Re^6: Match typo

by vitoco (Friar)
on Sep 11, 2009 at 18:43 UTC

in reply to Re^5: Match typo
in thread Match typo

$has_publish is always false, change the pattern to /^publication/, but I think that you should also explode that pattern as in $has_date.

Also, I would change the exploded pattern to a scoring one:

my $has_date = grep /d/ + /a/ + /t/ + /e/ >= 3 , @words; my $has_publish = grep /p/+/u/+/b/+/l/+/i/+/c/+/a/+/t/+/o/+/n/ >= +8 , @words;

This would allow any spelling of the word with at least most of the letters (but would match other words from ikegami's list).

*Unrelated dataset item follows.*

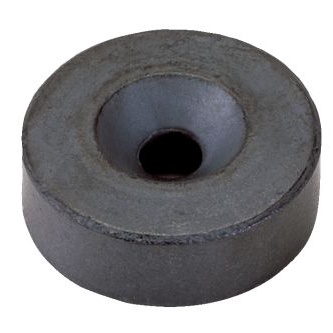 SICK 传感器配件 7901784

The most important part to me is: I didn't know that an implicit capture is done when matching with g option. I need to read the docs again!!!

BTW, why not to search for the following?

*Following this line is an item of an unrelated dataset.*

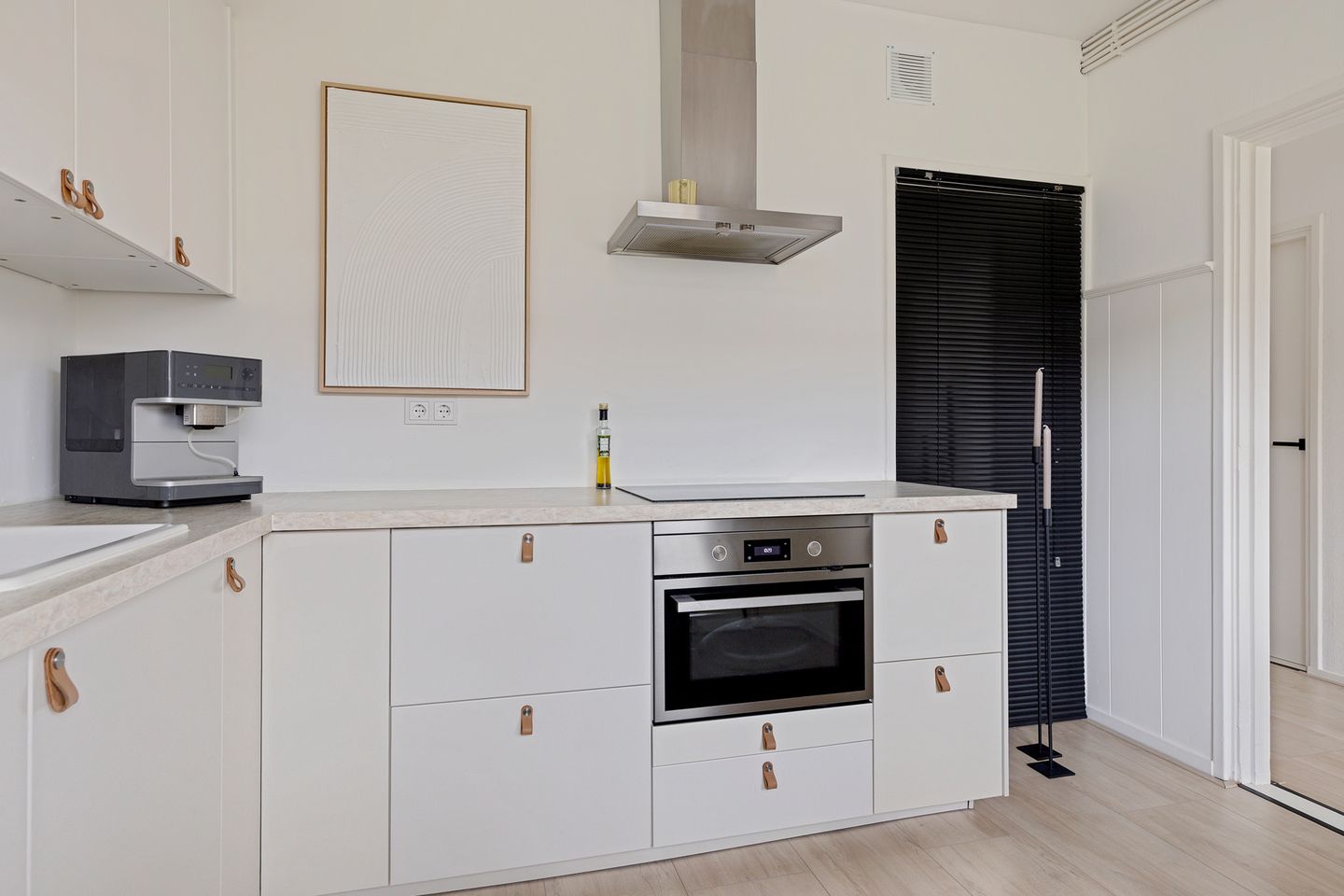 Foto 10 van Paterswoldseweg 299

while(<>){ print $_ if /\d\d\-\d\d\-\d\d/; }

I know, I know... Other dates would also match. ;-)

Replies are listed 'Best First'.
Re^7: Match typo
by ikegami (Pope) on Sep 11, 2009 at 19:21 UTC

    $has_publish is always false

    No. Using the OP's very own example,

    while (<DATA>) { chomp; my @words = lc($_) =~ /[a-z-]+/g; # Needs improvement? my $has_date = grep /^d/ && /a/ && /t/ && /e/, @words; my $has_publish = grep /^publish/, @words; print "'$_' matched\n" if $has_date && $has_publish; } __DATA__ The book was published on the date "20-08-2009".
    'The book was published on the date "20-08-2009".' matched

    Also, I would change the exploded pattern to a scoring one:

    I like it, but I disagree with your decision to undo matching the first letter exactly.

    my $has_date = grep /^d/ && (/a/+/t/+/e/) == 3, @words; my $has_publish = grep /^p/ && (/u/+/b/+/l/+/i/+/s/+/h/) >= 5, @words;

      I see, this OP's example, not that one.

      And I disagree with your decision to match the first letter exactly. I think that "the book was upblished on the date" may be considered a common typo, just like "the book wa spublished on the date" or "the book wasp ublished on the date" (i.e. interchange of two consecutive keys when typing).

        I never see anything like the first. People get the first letter right. But I hadn't thought of the space misplacement.